Privacy regulations like GDPR and CCPA are getting stricter, so aligning your practices with these laws is more important than ever. Using Consent Management Platforms (CMPs) and getting clear consent from users can help build trust and keep you compliant.

Even though third-party cookies are being phased out, first-party cookies are still good to go. By using server-side tagging and other privacy-focused tracking methods, you can keep your data accurate and respect user privacy.

New tools like Google’s Topics, Protected Audience, and Attribution Reporting APIs offer fresh ways to target and measure ad effectiveness without compromising privacy. Marketers should get to know these technologies to stay ahead. Not relevant to the web, even though Apple is making headways in IOS with Ad Attribution Kit moving forward too. Privacy Sandbox is set to be introduced to Android apps as well.

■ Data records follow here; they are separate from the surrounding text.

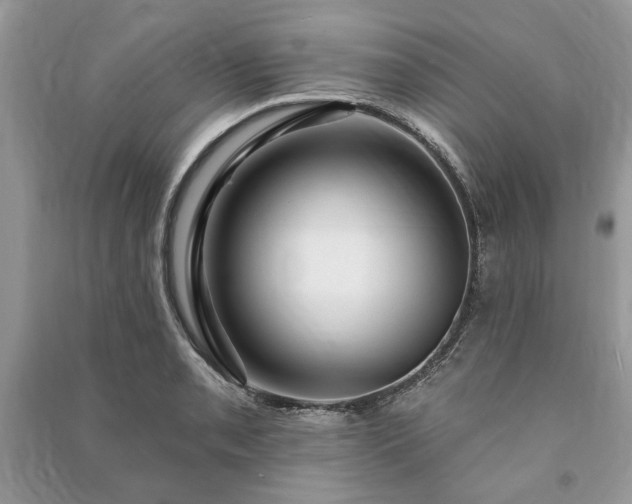 X0000090981085200708091452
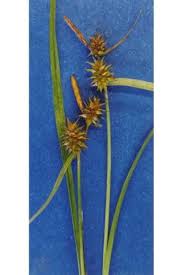 Attēlu rezultāti vaicājumam “Carex flava”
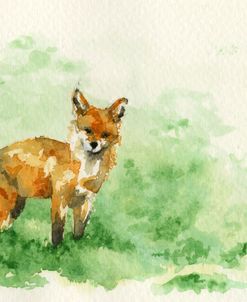 Curious Fox – Floodwall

To conclude, the way we track website visitors is changing. Browser updates like Apple's ITP and Google's Privacy Sandbox are making it tougher to rely on third-party cookies. This means marketers have to adapt.

Focus on what you can control, like first-party cookies and server-side tagging. New tools from Google aim to target users and measure ad success in a privacy-friendly way. Embrace change, learn about these innovative technologies, and your campaigns will keep on cruising. By respecting user privacy, you can still get valuable data and keep your marketing on point.